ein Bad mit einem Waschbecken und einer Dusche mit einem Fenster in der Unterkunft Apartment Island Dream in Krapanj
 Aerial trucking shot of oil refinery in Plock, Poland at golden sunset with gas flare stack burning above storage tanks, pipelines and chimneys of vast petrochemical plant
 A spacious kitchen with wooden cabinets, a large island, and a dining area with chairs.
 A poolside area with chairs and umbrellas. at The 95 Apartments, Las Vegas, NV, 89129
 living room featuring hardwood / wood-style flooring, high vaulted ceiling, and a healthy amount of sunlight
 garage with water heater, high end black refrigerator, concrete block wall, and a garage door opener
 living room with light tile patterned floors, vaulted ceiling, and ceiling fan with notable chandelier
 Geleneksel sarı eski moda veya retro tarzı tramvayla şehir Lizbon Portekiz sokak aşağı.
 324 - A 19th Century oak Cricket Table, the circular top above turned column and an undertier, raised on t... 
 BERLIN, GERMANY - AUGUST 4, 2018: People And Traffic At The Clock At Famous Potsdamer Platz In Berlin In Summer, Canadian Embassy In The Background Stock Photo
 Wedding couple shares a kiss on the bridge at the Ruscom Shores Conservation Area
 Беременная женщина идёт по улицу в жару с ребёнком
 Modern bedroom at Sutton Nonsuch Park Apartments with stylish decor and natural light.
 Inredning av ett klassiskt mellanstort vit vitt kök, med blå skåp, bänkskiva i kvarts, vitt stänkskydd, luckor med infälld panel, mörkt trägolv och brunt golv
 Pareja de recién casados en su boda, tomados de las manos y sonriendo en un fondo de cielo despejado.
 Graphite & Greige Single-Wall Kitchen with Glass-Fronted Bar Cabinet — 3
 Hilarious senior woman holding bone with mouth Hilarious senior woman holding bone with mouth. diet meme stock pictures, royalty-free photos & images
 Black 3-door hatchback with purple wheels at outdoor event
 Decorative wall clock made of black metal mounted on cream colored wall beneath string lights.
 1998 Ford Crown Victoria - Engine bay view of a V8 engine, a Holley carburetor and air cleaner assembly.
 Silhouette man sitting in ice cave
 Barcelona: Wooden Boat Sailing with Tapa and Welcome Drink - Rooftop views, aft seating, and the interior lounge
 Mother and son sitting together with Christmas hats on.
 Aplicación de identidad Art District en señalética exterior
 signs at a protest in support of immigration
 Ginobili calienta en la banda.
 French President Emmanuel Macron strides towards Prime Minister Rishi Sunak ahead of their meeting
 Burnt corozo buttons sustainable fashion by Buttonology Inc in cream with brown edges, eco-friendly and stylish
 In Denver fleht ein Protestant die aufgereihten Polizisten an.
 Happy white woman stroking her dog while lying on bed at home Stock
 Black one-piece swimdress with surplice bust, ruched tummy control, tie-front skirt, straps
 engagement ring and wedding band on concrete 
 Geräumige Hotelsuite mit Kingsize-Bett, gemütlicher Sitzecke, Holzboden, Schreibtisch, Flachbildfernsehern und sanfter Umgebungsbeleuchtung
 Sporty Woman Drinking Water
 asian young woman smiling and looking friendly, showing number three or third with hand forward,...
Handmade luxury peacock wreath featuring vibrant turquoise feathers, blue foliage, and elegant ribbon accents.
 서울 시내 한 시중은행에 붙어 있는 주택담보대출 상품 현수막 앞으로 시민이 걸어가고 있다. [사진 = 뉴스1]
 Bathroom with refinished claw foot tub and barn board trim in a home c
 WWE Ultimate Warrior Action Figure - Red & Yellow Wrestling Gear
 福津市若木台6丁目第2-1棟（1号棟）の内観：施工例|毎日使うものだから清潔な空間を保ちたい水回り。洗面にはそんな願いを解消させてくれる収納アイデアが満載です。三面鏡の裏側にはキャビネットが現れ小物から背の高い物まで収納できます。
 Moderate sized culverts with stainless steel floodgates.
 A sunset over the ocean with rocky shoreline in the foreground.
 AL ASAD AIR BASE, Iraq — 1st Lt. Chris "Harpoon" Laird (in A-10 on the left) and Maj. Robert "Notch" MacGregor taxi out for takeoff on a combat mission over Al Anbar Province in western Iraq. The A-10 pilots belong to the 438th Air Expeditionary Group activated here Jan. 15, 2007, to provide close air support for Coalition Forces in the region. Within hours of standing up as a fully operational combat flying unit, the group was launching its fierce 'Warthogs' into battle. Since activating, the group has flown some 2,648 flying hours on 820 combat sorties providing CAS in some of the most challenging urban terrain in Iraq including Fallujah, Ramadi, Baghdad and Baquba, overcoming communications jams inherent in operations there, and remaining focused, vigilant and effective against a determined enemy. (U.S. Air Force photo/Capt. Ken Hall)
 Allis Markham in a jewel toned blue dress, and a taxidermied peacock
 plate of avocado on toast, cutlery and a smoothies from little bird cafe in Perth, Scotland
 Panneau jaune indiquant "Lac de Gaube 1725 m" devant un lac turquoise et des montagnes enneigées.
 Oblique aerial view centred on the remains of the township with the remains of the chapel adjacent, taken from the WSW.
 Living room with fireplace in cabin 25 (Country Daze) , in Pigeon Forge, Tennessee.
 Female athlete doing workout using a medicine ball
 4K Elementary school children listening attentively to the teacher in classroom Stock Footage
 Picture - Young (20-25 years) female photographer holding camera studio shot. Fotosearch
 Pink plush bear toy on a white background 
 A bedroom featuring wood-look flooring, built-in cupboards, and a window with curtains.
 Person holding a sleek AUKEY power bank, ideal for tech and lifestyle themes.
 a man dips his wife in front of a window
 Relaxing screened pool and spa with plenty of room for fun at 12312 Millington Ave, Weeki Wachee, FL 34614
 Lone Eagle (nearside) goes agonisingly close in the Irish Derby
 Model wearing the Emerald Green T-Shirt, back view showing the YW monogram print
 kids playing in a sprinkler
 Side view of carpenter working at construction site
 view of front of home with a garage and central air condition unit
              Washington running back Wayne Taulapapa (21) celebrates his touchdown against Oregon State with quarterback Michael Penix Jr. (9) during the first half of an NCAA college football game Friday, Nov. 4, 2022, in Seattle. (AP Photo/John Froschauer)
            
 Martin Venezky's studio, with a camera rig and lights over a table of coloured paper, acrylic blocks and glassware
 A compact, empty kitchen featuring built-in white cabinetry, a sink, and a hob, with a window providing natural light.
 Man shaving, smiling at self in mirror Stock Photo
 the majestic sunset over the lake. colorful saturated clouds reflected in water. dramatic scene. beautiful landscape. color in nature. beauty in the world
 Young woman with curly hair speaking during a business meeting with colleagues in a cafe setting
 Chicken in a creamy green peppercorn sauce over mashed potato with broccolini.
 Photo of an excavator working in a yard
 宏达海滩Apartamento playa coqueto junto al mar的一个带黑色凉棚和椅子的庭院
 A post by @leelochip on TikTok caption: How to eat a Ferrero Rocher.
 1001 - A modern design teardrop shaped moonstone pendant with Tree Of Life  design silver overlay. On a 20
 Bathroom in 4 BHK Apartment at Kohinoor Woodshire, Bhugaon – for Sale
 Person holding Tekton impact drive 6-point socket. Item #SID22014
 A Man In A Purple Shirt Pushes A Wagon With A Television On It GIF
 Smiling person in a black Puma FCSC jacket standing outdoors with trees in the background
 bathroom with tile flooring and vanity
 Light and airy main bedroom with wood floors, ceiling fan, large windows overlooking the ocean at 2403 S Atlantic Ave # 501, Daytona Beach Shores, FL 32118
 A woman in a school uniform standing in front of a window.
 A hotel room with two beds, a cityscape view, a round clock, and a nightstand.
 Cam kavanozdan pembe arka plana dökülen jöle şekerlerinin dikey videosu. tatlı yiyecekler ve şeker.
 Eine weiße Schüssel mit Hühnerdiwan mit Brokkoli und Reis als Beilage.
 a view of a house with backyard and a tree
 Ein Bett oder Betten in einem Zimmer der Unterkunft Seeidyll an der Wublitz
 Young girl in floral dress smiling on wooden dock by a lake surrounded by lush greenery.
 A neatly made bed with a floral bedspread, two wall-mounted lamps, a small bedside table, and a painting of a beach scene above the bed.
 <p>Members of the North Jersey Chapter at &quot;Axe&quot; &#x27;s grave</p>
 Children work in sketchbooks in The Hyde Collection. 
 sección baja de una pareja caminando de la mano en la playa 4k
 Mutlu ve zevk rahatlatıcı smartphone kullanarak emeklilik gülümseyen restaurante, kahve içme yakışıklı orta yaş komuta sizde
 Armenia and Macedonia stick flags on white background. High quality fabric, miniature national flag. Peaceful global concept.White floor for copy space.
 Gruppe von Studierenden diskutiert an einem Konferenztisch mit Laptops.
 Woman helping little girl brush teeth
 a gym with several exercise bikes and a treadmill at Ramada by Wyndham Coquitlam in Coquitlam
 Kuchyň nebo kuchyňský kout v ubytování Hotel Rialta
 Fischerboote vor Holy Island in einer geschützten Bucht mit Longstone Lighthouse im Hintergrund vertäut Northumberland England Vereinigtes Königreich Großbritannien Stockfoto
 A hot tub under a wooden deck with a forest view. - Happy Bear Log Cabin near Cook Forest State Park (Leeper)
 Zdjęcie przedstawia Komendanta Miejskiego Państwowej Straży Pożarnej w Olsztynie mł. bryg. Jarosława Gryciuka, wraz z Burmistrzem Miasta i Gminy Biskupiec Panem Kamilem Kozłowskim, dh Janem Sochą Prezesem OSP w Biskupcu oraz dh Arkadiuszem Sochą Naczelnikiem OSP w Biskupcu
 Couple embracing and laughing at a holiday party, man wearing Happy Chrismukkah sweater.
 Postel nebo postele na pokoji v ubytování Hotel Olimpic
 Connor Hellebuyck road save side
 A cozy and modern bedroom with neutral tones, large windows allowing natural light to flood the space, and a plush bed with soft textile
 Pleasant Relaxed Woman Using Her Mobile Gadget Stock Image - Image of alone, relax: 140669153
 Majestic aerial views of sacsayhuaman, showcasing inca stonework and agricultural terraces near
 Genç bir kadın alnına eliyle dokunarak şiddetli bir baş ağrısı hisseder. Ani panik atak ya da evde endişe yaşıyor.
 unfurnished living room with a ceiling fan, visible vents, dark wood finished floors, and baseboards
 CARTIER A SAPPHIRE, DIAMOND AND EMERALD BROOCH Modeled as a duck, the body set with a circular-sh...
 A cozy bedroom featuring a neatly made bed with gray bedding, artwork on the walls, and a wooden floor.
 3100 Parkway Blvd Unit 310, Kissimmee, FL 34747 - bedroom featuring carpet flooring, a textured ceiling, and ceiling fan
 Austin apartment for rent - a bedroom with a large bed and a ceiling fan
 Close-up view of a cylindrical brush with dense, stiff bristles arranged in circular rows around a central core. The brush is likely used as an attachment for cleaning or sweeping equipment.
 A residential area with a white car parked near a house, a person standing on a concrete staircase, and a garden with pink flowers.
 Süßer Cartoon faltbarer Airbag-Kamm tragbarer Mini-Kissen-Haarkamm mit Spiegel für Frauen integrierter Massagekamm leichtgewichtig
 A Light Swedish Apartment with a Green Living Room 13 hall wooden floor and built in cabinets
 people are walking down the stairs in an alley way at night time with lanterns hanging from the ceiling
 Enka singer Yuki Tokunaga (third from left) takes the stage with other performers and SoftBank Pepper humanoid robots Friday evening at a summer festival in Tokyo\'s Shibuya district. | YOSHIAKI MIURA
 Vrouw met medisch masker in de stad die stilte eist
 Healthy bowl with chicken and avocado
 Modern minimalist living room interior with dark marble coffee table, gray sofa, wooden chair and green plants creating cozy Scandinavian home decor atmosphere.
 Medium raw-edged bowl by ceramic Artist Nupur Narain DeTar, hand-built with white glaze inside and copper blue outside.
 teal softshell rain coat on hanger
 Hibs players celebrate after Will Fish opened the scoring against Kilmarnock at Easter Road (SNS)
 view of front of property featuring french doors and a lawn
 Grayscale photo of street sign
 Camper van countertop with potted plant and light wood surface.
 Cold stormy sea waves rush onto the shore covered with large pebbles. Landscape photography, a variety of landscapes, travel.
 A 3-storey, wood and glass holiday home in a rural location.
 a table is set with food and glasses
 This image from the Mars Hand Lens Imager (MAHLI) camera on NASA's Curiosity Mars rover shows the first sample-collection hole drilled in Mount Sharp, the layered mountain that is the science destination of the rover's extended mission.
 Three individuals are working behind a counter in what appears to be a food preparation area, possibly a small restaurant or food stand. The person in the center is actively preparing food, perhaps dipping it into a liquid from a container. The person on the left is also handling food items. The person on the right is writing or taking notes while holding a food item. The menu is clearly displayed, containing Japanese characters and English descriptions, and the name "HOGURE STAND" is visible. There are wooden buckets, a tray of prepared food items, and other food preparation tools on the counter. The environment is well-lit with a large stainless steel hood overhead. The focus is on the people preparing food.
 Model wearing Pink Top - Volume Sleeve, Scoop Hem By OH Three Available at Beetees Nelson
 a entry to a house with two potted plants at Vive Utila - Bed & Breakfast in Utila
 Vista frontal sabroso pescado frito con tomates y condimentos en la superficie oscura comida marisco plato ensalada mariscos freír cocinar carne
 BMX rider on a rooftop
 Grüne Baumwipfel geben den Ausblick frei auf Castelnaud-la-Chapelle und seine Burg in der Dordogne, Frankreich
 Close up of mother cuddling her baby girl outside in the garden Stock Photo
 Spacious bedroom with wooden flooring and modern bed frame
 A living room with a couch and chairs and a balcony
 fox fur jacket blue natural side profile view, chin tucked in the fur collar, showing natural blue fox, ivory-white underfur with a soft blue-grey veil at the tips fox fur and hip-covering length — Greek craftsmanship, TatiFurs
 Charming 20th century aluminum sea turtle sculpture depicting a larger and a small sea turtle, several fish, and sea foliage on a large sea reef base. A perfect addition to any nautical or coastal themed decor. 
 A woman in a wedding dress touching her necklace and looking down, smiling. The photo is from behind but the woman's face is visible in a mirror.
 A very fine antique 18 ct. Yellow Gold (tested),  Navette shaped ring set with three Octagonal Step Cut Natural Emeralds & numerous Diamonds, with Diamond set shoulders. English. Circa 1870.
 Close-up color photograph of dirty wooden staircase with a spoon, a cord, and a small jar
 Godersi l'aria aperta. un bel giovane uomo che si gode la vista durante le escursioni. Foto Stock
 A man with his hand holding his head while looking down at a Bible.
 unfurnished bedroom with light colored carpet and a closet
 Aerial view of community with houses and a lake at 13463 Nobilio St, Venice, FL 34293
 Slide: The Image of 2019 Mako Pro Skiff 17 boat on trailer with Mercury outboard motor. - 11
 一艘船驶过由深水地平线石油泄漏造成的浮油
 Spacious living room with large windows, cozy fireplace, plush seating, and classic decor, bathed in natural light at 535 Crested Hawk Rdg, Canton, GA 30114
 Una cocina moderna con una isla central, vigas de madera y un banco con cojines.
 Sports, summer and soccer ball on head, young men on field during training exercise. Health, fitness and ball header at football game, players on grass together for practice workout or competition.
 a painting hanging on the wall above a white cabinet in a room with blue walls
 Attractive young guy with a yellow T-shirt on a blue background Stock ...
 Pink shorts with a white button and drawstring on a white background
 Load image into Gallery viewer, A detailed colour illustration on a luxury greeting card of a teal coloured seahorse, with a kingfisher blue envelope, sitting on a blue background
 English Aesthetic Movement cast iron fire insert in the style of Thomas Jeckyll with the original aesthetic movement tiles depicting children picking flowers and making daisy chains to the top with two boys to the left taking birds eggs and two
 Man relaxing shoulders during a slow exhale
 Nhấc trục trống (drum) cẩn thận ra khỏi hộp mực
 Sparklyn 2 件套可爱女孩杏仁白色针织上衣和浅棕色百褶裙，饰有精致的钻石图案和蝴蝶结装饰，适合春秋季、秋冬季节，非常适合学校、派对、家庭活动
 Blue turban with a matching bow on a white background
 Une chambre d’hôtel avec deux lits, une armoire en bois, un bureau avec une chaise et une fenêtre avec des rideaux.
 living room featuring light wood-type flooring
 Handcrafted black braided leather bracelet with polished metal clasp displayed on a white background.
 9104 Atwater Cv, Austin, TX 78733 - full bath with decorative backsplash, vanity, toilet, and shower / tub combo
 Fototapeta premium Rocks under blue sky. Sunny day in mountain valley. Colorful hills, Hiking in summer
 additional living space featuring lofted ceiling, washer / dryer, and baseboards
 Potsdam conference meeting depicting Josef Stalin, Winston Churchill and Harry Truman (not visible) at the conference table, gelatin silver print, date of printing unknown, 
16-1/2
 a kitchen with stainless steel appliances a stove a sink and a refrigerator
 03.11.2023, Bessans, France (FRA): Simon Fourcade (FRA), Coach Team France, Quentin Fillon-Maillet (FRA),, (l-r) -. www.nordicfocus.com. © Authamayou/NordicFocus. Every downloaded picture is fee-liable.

> _Directions for this task_:
Nothing beyond the line containing "living room featuring hardwood" is to be output; the lines above, from the first one onward to that line, are to be transcribed exactly.

> _Exercise output_:
ein Bad mit einem Waschbecken und einer Dusche mit einem Fenster in der Unterkunft Apartment Island Dream in Krapanj
 Aerial trucking shot of oil refinery in Plock, Poland at golden sunset with gas flare stack burning above storage tanks, pipelines and chimneys of vast petrochemical plant
 A spacious kitchen with wooden cabinets, a large island, and a dining area with chairs.
 A poolside area with chairs and umbrellas. at The 95 Apartments, Las Vegas, NV, 89129
 living room featuring hardwood / wood-style flooring, high vaulted ceiling, and a healthy amount of sunlight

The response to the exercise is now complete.